2. I know from the history of aircraft tragedies that even the airplanes of world class airlines had been downed by a single worn out bolt or wire. If PAL cannot even minister to the simple and most basic problem of coordinating the whereabouts of a disabled passenger’s personal wheelchair, what assurance do I have that PAL is capable of the more difficult task of proper aircraft maintenance?

3. What assurance do I have that the attitude of that PAL ground stewardess – inappropriately referred to as “customer service assistant” – is not reflective of the corporate culture of PAL? It was an attitude that had no place in a service organization and had absolutely no justification especially considering the circumstances. We all know that PAL has been having union problems. Just a few years ago, they were all over the headlines because of their pilots’ and rank and file strikes. Even if only a minority of PAL pilots and mechanics has that same attitude, then PAL is a disaster waiting to happen.

4. We know that Lucio Tan, PAL owner, is under fire for tax evasion with his Fortune Tobacco Empire.

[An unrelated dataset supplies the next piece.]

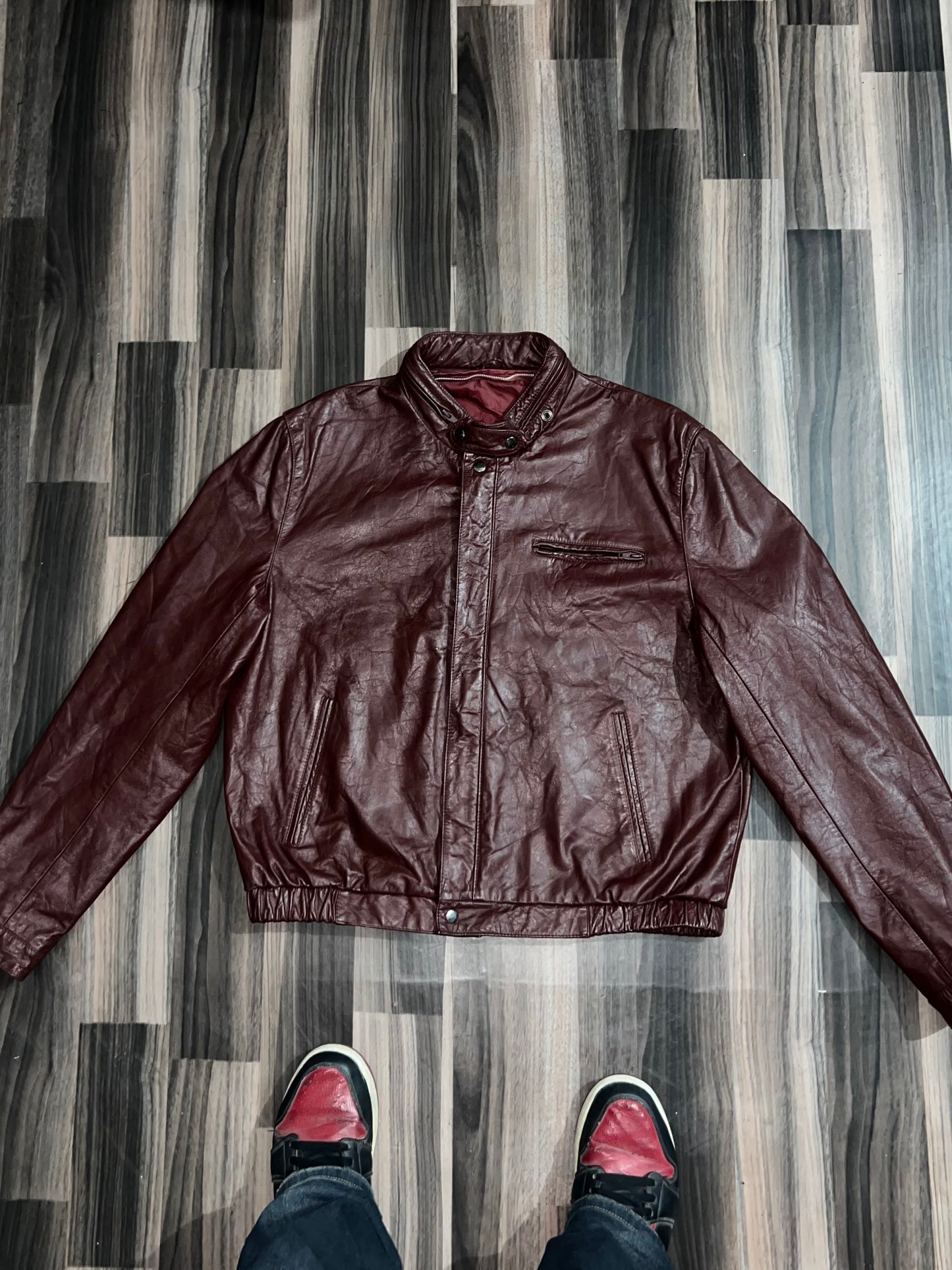 ZUltra Premium Red Original Leather Jacket M/L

Without passing judgment on his case, why should I take the risk of the possibility that PAL may, in some way, also be avoiding maintenance SOPs or expensive-to-adopt safety procedures?

I have had all the opportunities – and these opportunities exist to this day – to live overseas where I can be spared of third world inconveniences and the stink of a corrupt government. But I chose to stay and I chose to do my bit to get the truth out – the kind of truth that is meant to empower and set people free. This is my country for better or for worse.

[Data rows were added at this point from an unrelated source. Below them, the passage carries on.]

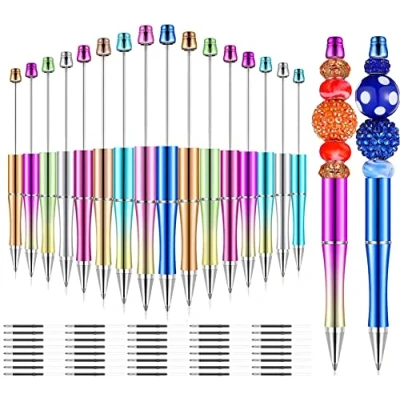 Image of KAHEIGN 20Pcs Plastic Beadable Pen, 14CM Ballpoint Pen Bead Shaft Black Ink Rollerball with 40Pcs Extra Refills for Kids Students Office School Supplies (10 Gradient Colors)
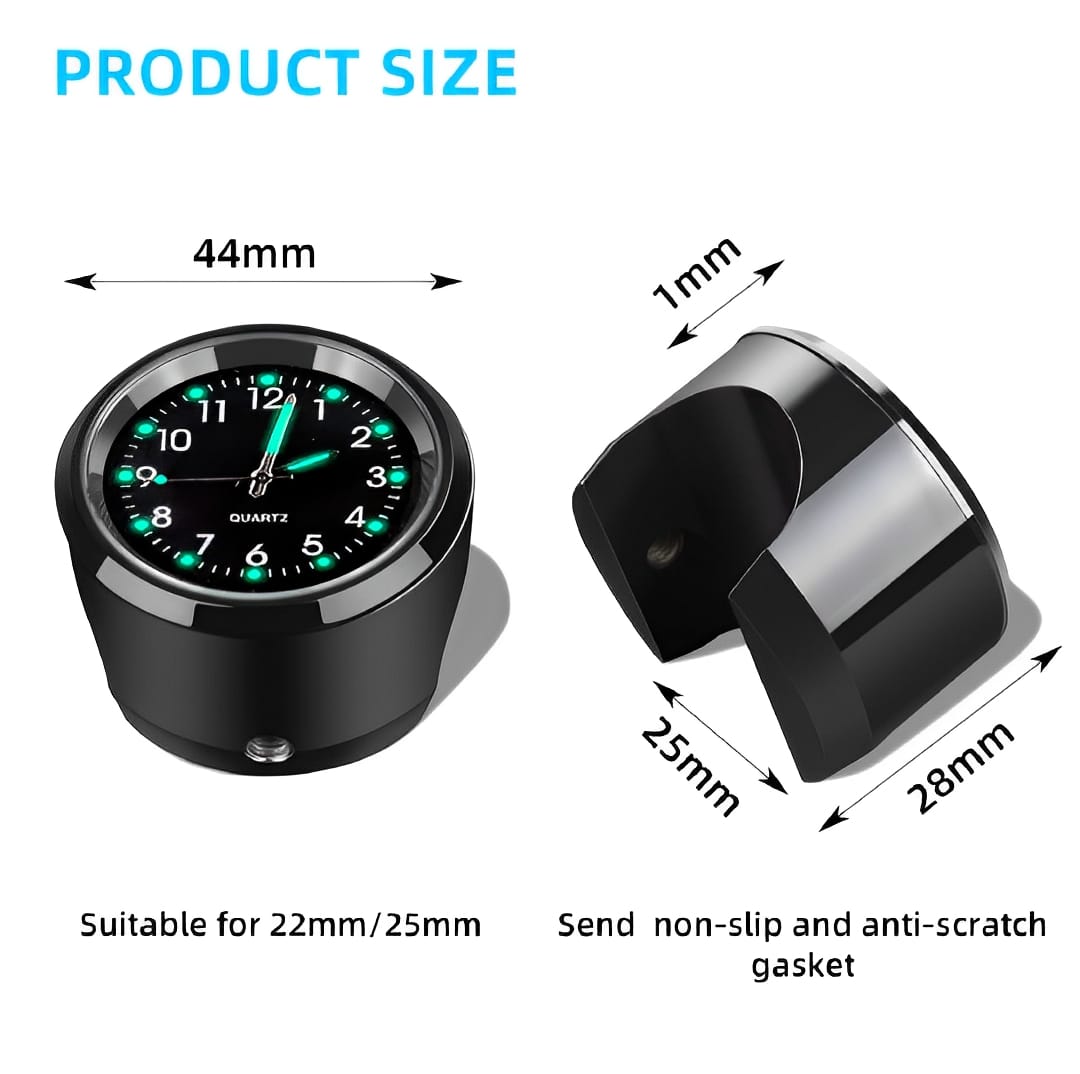 Universal Waterproof Chrome Motorcycle Handlebar Clock Luminous Quartz Watch for Bikes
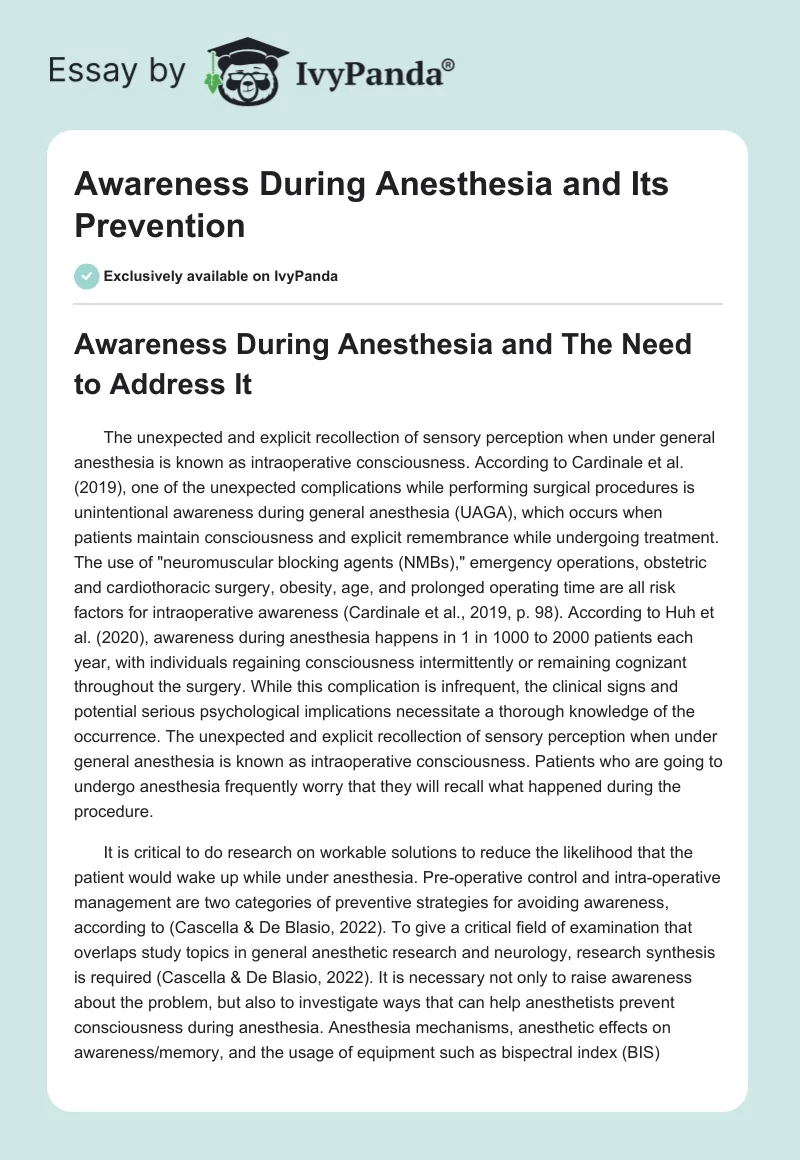 Awareness During Anesthesia and Its Prevention. Page 1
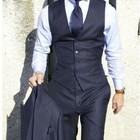Men Navy Pinstripe Three Piece Suit Peak Lapel Formal Business Wedding Tuxedo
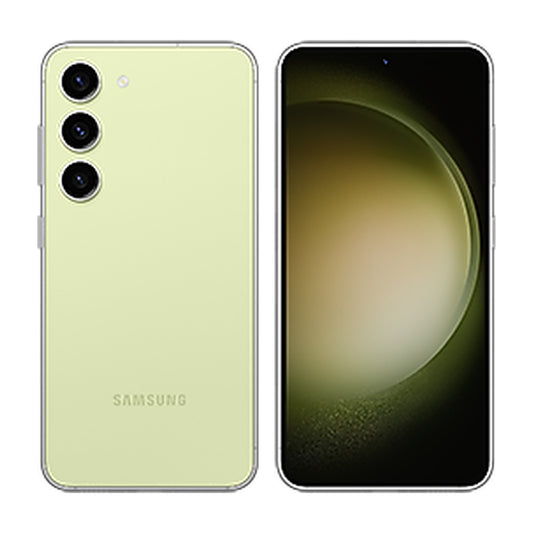Samsung Galaxy S23 in Lime, front and back view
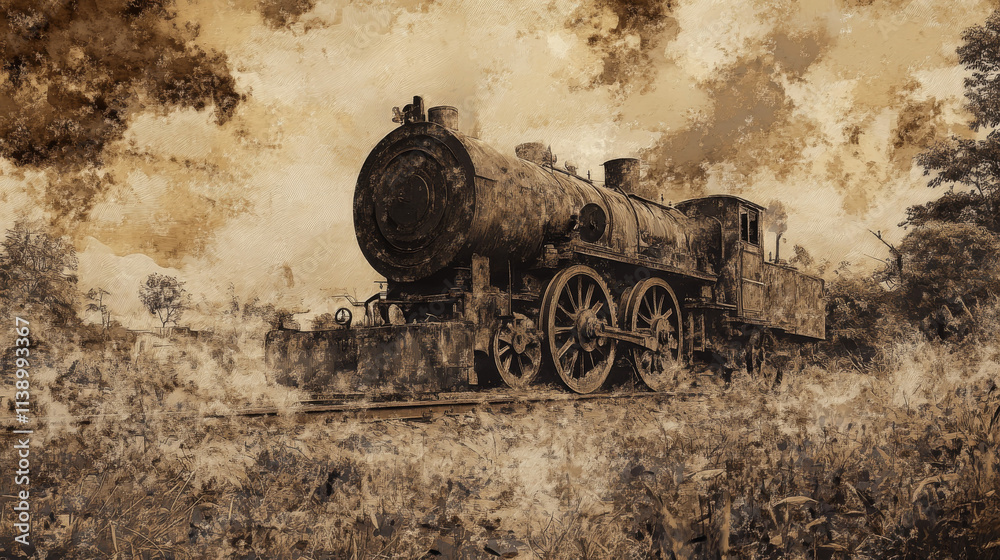 Obraz premium Sepia Train Landscape Painting: Rustic Engine, Nostalgia, Vintage Transport, Background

But I do not have to live with Philippine Airlines. I do not have to endure and suffer their inefficiencies and their attitude. I do not even have to live with their so-called lower prices because now, with options like Tiger Air, there are much cheaper airfares with more reliable airline operators who can get you to your destination – alive and on time!

My family and I have had our fill of nightmares flying with PAL. The same goes to the many, many others we know whose own sad tales have remained undocumented. But the biggest tragedy of all is that the name Philippines is emblazoned on every aircraft that PAL flies. As a marketing professional, I know that that it is sheer folly to use your highly valued brand name on a product known to many people as a lemon.

The mismanagement of PAL may be but a microcosm of our country’s state of mismanagement. But as a Filipino, I shall henceforth refuse to patronize an airline that shames the Filipino’s dream to strive for respect and honor in a world that has become viciously tough and competitive.